-- Opening Marker --

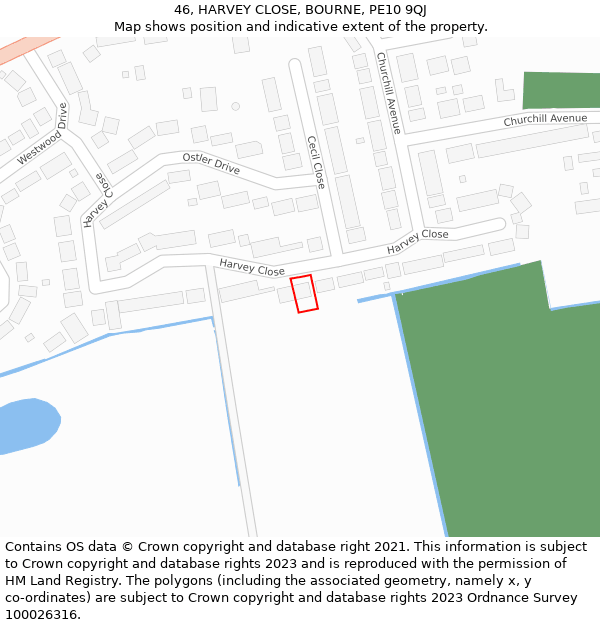 46, HARVEY CLOSE, BOURNE, PE10 9QJ: Location map and indicative extent of plot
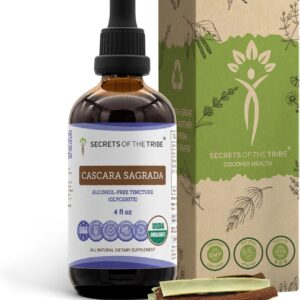 Extrato Líquido de Cascara Sagrada Sem Álcool Secrets of the Tribe - Suporte Digestivo Diário Natural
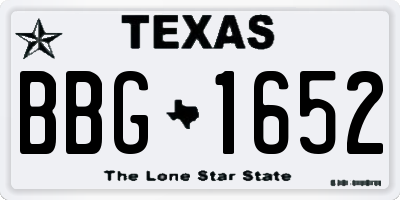 TX license plate BBG1652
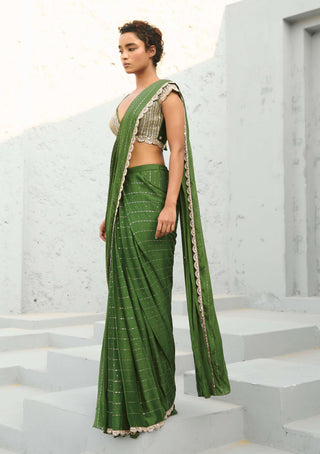 Juliet Green Pre-Draped Sari And Blouse by Chamee And Palak available on Indiaspopup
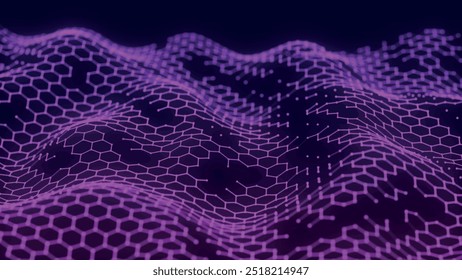 Futuristischer sechseckiger Hintergrund. Abstrakter technologischer Hintergrund. Technologiekonzept. Big Data. 3D-Welle. Vektorgrafik.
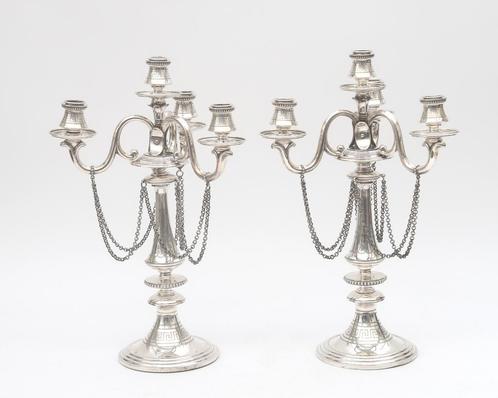 Twee vierlichts kandelabers, Holland, Voorschoten, 1877, Antiek en Kunst, Antiek | Goud en Zilver, Zilver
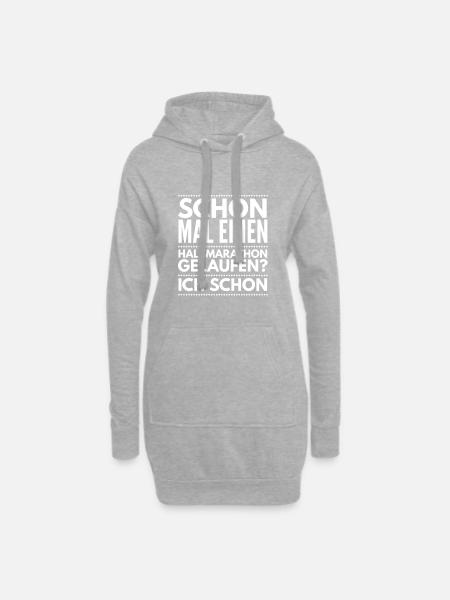 Halbmarathon - Hoodie-Kleid - Grau meliert
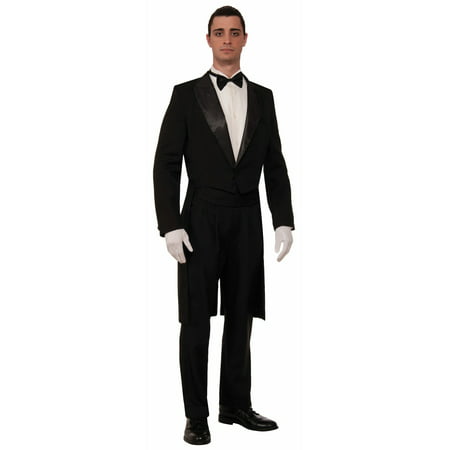 Mens Black White Formal Butler Gentleman Tuxedo Black Tie Tailcoat ...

-- Closing Marker --

The problem >> With the pictures left out, output exactly the lines that begin at the line containing "TX license plate BBG1652" and end at the last line of the material.

Response to the task >>
 TX license plate BBG1652
 Juliet Green Pre-Draped Sari And Blouse by Chamee And Palak available on Indiaspopup
 Futuristischer sechseckiger Hintergrund. Abstrakter technologischer Hintergrund. Technologiekonzept. Big Data. 3D-Welle. Vektorgrafik.
 Twee vierlichts kandelabers, Holland, Voorschoten, 1877, Antiek en Kunst, Antiek | Goud en Zilver, Zilver
 Halbmarathon - Hoodie-Kleid - Grau meliert
 Mens Black White Formal Butler Gentleman Tuxedo Black Tie Tailcoat ...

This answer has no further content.